A Data Science project about model building for DSC80 at UCSD.
Authors: Catherine Back, Lorenzo Ramos
We plan to build a regression model to predict the number of calories a recipe will have based on features such as minutes
, n_steps
, n_ingredients
, and more. The calories a recipe can have vary from 0-infinity; thus we will be performing a regression task instead of a classification task.
Response Variable: For our response variable, we selected calories
, a continuous quantitative variable, making a regression task viable. Correctly predicting the calories of a recipe may be important to people who like to keep track of their nutritional values day to day. By building this model, we could help these people identify what makes a recipe's calories high or low.
Metrics: Due to our model being a regressor, we will be unable to use metrics such as accuracy, precision, recall, or f1 score. So, we will be evaluating metrics such as R2 and RMSE (Root Mean Squared Error). The metric R2 will give us a statistical measure of how well-predicted values from the model match the actual values in the original dataset, while the metric RMSE will measure the average magnitude of the errors between these predicted and actual values.
Known Information: At the time of prediction, the only known information we would have is n_steps
and n_ingredients
. This information is given to us since each recipe needs to have a set number of steps and a set number of ingredients.
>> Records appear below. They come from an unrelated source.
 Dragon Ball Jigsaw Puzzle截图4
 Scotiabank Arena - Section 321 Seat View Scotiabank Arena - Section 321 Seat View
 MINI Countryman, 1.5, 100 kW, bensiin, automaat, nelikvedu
Users who add recipes have to explicitly state the steps and ingredients they use to make, so it's implied that these features are known at the time of prediction, for people to follow the recipe as closely as possible.
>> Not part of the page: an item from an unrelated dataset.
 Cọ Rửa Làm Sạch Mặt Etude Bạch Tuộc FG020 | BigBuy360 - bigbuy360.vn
For our baseline model, we intend to use 2 features, n_steps
and n_ingredients
, which are both ordinal discrete variables. We are using these two features because in our heatmap, these were two of the variables that didn’t have a negative correlation with calories
. Thus, we will be using ‘n_steps’ and ‘n_ingredients’ as features for our baseline Linear Regression model.
Quantitative Feature(s): n_steps
, n_ingredients
Feature Transformations: We will only apply a square transformation using FunctionTransformer to both n_steps
and n_ingredients
. The reason for this is that when plotting the distributions of n_steps and n_ingredients, we can see that both distributions have a moderate right-tail skew. A square transformation should transform this skewed data to conform to normality.
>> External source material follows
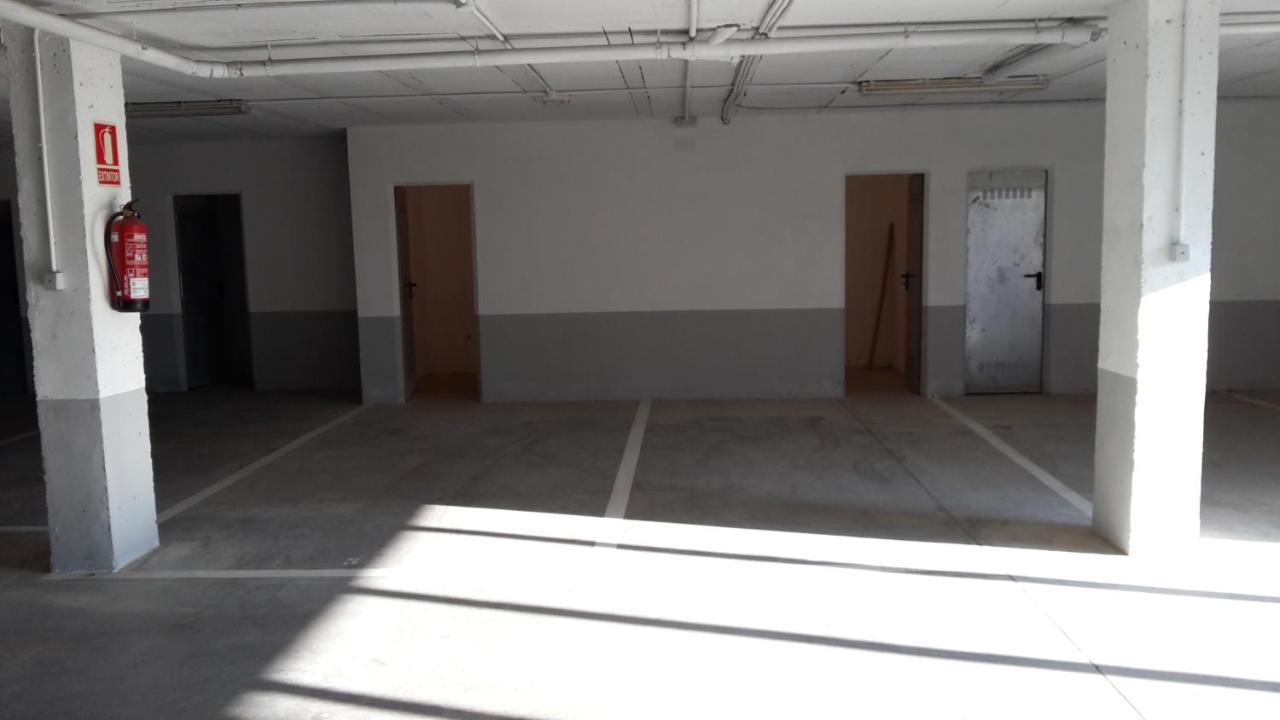 Apartamento Playa De Boiro Eksteriør billede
Performance: Using a Linear Regression algorithm for our baseline model, we can see that it’s not very good at predicting calories when compared to the actual calories values. Our R2 value was 0.0399, which implies that only about 4% of the variability in the response variable can be explained by the independent variables in the model. Additionally, the RMSE for our baseline model is valued at 24.5335. This is a measure of the average difference between the predicted and actual values, meaning that our RMSE is not nearly low enough to guarantee an accurate model. Below we have provided a table for our metrics, for easier readability.
Metric | Value |
---|---|
R² | 0.0399379 |
RMSE | 24.5335 |
New Features Added
Quantitative Feature(s): minutes
, total_fat (PDV)
, sugar (PDV)
, sodium (PDV)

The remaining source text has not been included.